AI

Nvidia, Intel tout marks in MLPerf benchmarks running Llama 2 70B

Nvidia took a bow for delivering the fastest platform for inference on generative AI in the latest industry-standard tests as part of MLPerf benchmarks released Wednesday. Meanwhile, Intel touted its Gaudi 2 accelerator as the only benchmarked alternative to Nvidia’s H100 for generative AI performance.

For the first time, ML Commons added Llama 2 70B to its inference benchmarking suite, MLPerf Inference 4.0. “In terms of model parameters, Llama 2 is a dramatic increase to the models in the inference suite,” said Mitchelle Rasquinha, co-chair of the MLPerf Inference working group.

MLPerf Inference 4.0 benchmarks included more than 8,500 performance results across 23 submitting organizations, including Nvidia, Intel, Google, Broadcom, Cisco, HPE, Juniper Networks, Oracle, Qualcomm, Supermicro and more.

Four companies also submitted data center-focused power numbers for MLPerf Inference 4.0, which evaluated power consumption captured while inference benchmarks were running. They were Dell, Fujitsu, Nvidia and Qualcomm.

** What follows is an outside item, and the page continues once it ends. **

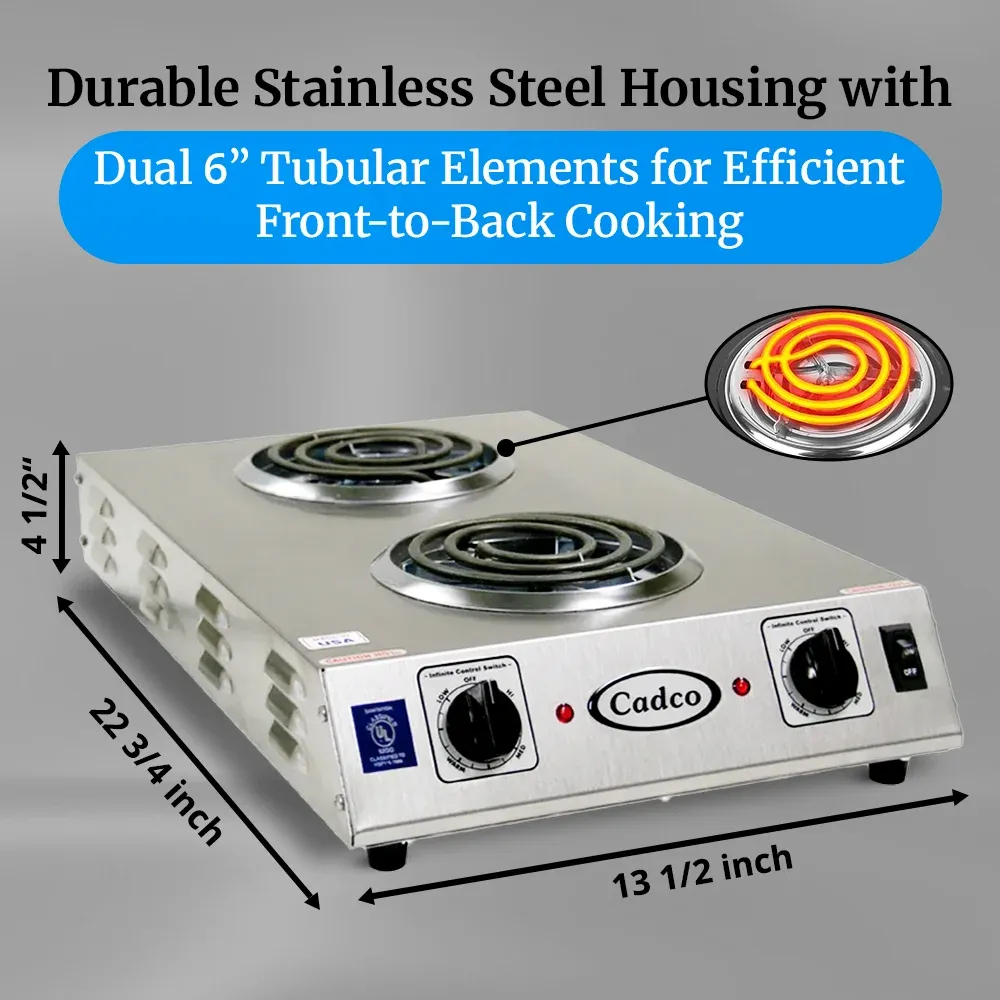 Cadco dual burner hot plate with tubular elements in stainless steel delivers powerful, compact cooking for mobile catering or backup prep stations.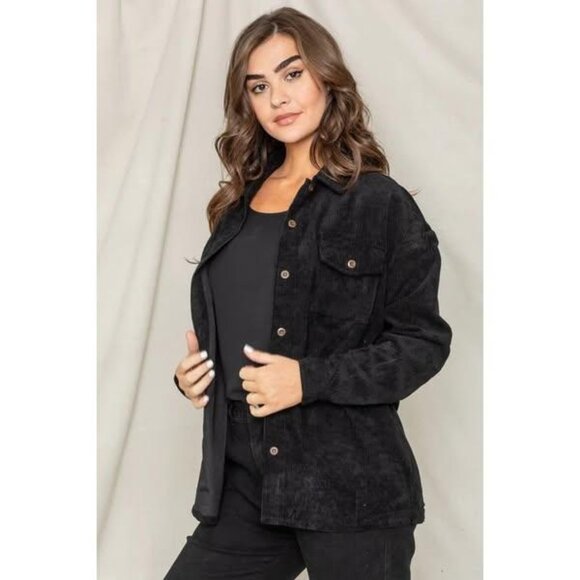 Plus Size Corduroy Boyfriend Oversized Shacket – Black (1XL) - Picture 1 of 2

Nvidia relied on TensorRT-LLM software to speed up inference when running on Nvidia Hopper GPUs on GPT-J LLM by 3x over a benchmark from six months ago. The company took the opportunity to tout its new NIM for inference microservices including TensorRT-LLM for businesses to use.

Nvidia H200 Tensor Core chart on MLPerf results march 2024

TensorRT-LLM running on memory-enhanced H200 GPUs produced up to 31,000 tokens per second, which set a record for a Llama 2 benchmark, Nvidia said.   H200 GPUs are shipping and will soon be available from nearly 20 system builders and cloud providers.  They include 141GB of HBM3e memory running at 4.8TB/second, which represent 76% more memory that runs 43% faster over the H100 GPUs. They use the same boards and software as H100 GPUs.

Intel also submitted Gaudi 2 accelerator results for Llama 2 70B which delivered 8035 offline tokens per second and 6287.5 server tokens kper second. Gaudi Llama results relied on the Hugging Fact Text Generation Interface.   Intel Gaudi 2 accelerators and 5th Gen Xeon processors are available for evaluation in the Intel Developer Cloud.